Kaoru dan Anzu sebagai protagonis memiliki potensi untuk menjadi karakter yang kompleks, tetapi pengembangan mereka terasa setengah hati. Kaoru digambarkan sebagai remaja yang terluka karena kehilangan adiknya, tetapi emosinya jarang ditunjukkan secara mendalam. Ekspresi kesedihannya terbatas pada kilas balik yang repetitif dan dialog yang klise, seperti “Aku hanya ingin kembali ke masa itu.” sehingga yang nonton sulit merasakan ikatan emosional dengannya karena film tidak memberikan ruang untuk mengeksplorasi kepribadiannya di luar trauma.

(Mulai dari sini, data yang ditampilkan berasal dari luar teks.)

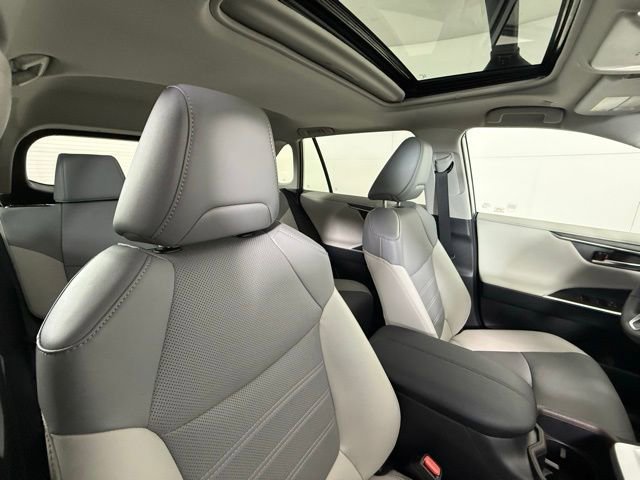 Used 2025 Toyota RAV4 Limited w/ Advanced Technology Package FWD image 35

Anzu, di sisi lain, memiliki premis menarik sebagai gadis ambisius yang ingin menjadi seniman manga, tetapi motivasinya tidak pernah benar-benar dieksplorasi. Hubungannya dengan Kaoru, yang seharusnya menjadi jantung cerita, terasa dipaksakan.
Dengan durasi yang relatif pendek, film ini seharusnya mampu menyampaikan cerita yang padat dan emosional. Sayangnya, pacing-nya tidak konsisten. Sepertiga awal film terasa lambat, menghabiskan terlalu banyak waktu untuk memperkenalkan terowongan tanpa membangun ketegangan yang berarti. Sebaliknya, sepertiga akhir terasa terburu-buru, dengan konflik utama diselesaikan secara tergesa-gesa tanpa dampak emosional yang memadai.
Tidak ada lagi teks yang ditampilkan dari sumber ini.